Pourquoi elle me regarde comme ça, cette nana ? J’ai un gros nez rouge ? Je me tourne vers la vitre sale du wagon, je me mate partout. Je n’ai rien ! Qu’est-ce qu’elle a l’autre à bloquer sur moi ? Pendant l’arrêt à la station, elle reste figée. On redémarre et je profite du tunnel pour me regarder encore. Mais je n’ai rien, vraiment rien… Même pas les cheveux en bataille. Bon… Au besoin, elle est sur moi mais elle pense à autre chose… Je ne sais pas… Et si je la fixe pour voir si elle détourne les yeux ou pas… Soit elle est dans ses rêves et elle ne verra même pas que je la regarde, soit c’est moi qui la capte et elle réagira. Allez, j’y vais. Je plante mes yeux dans les siens. La nana ne se démonte pas. Elle reste, elle aussi, dans les miens. Elle esquisse un vague sourire. Vraiment très vague… Mais dans ses yeux, ça sourit davantage. Ça rit presque. J’insiste et je ne peux pas m’en empêcher, un fou rire me prend à l’intérieur de moi. Elle doit le voir aussi dans mon regard. La voix off du métro annonce ma station. Je me lève, elle se lève aussi. On se retrouve toutes les deux autour du poteau central. Les portes s’ouvrent, je la quitte des yeux et descends, elle me suit. Je marche tout le quai pour rejoindre la sortie, elle est collée à mes baskets. Je passe les portes, prends l’escalier, elle grimpe derrière moi. Arrivées en haut, elle pose une main sur mon épaule.

– On prend un verre ?

– Hein ? Heu… Oui… On peut…

Je ne me suis jamais fait aborder de cette façon. Je me retrouve toute paumée. Qu’est-ce qu’elle me veut ? On entre dans le bistrot qui fait l’angle et on se pose à une table.

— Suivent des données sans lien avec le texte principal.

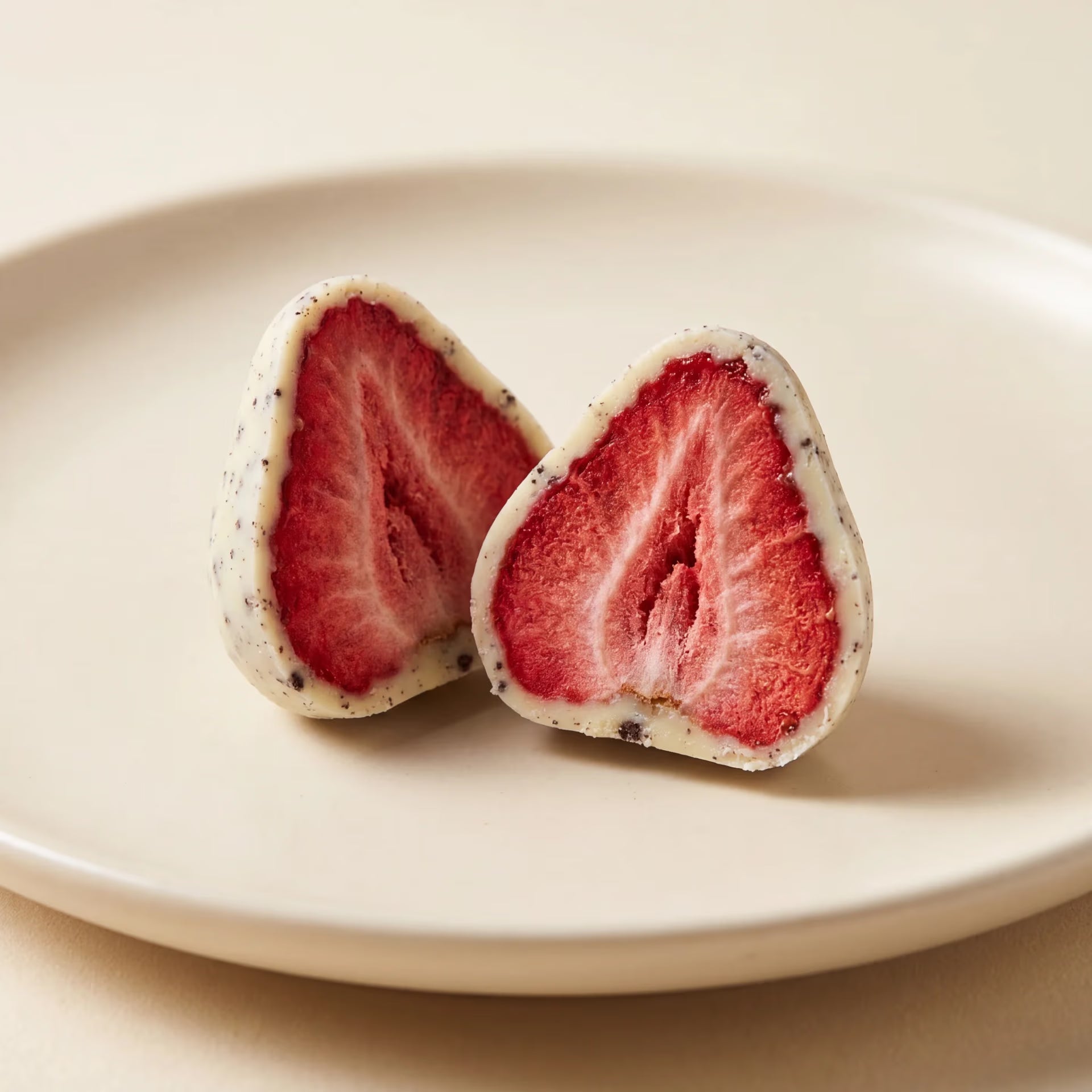 White Chocolate Cookie Crunch Strawberries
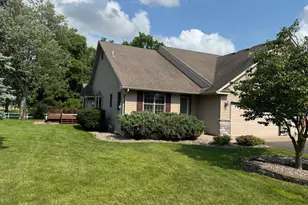 30981 Lyman Ct, Lindstrom, MN 55045 - Photo 1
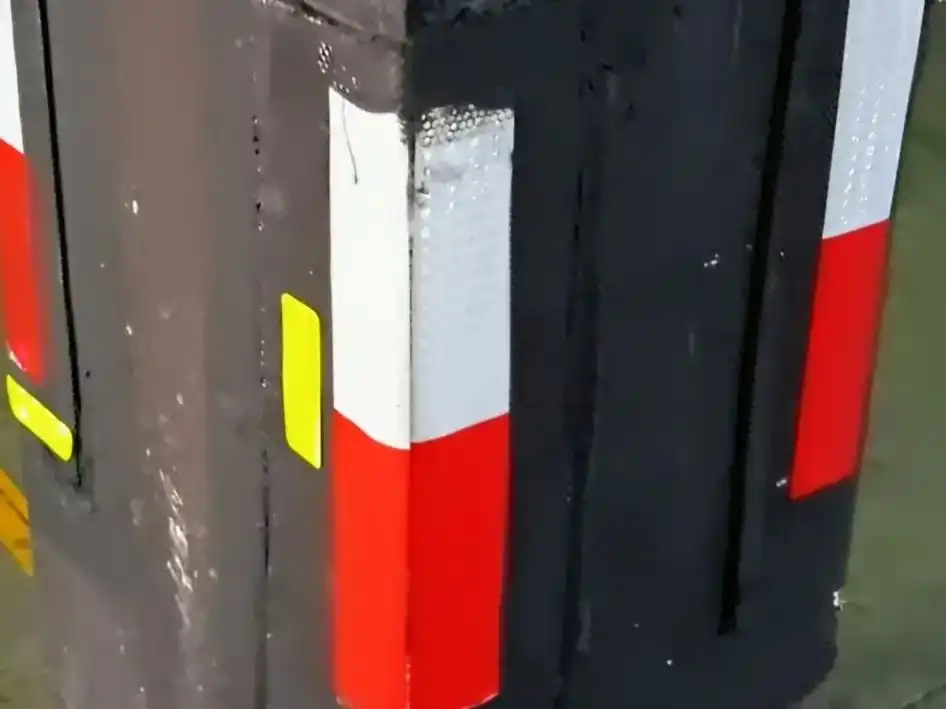 Exterior view of Garage for sale in Madrid  with Alarm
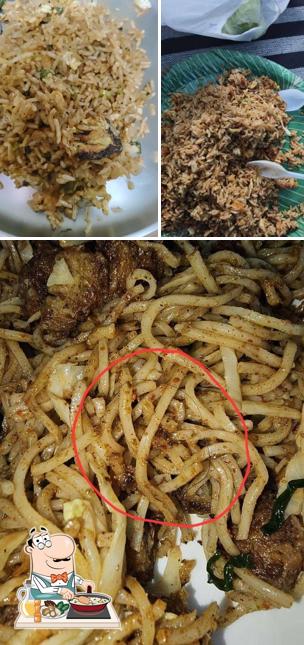 Fried rice at MAA FAST FOOD AND JUICE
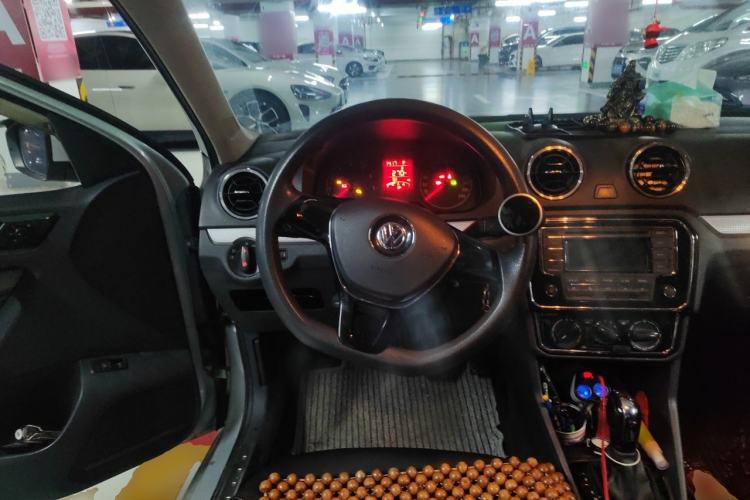 Used Volkswagen Jetta 2017 1.5L Automatic Comfort Model Steering Wheel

On est assises l’une en face de l’autre, mais je n’ai rien à lui dire.

– Mesdames ?

– Café.

– Deux.

Je la dévisage. Elle est plutôt mignonne, d’un châtain virant sur le roux, avec des petites taches brunes autour et sur le nez. Ses cheveux ondulent et ses yeux sont d’un transparent hallucinant. Un bleu-vert vraiment très clair. Elle a une bonne gueule finalement. Mais je n’ai pas fait gaffe si elle est bien gaulée ou si c’est un parfait thon.

– Tu as un peu de temps ?

Elle me tutoie ? Bon, je fais pareil…

– Pourquoi tu me regardais comme ça dans le métro ?

– Tu me fais penser à quelqu’un, je ne sais pas, c’est étrange. Tu lui ressembles beaucoup.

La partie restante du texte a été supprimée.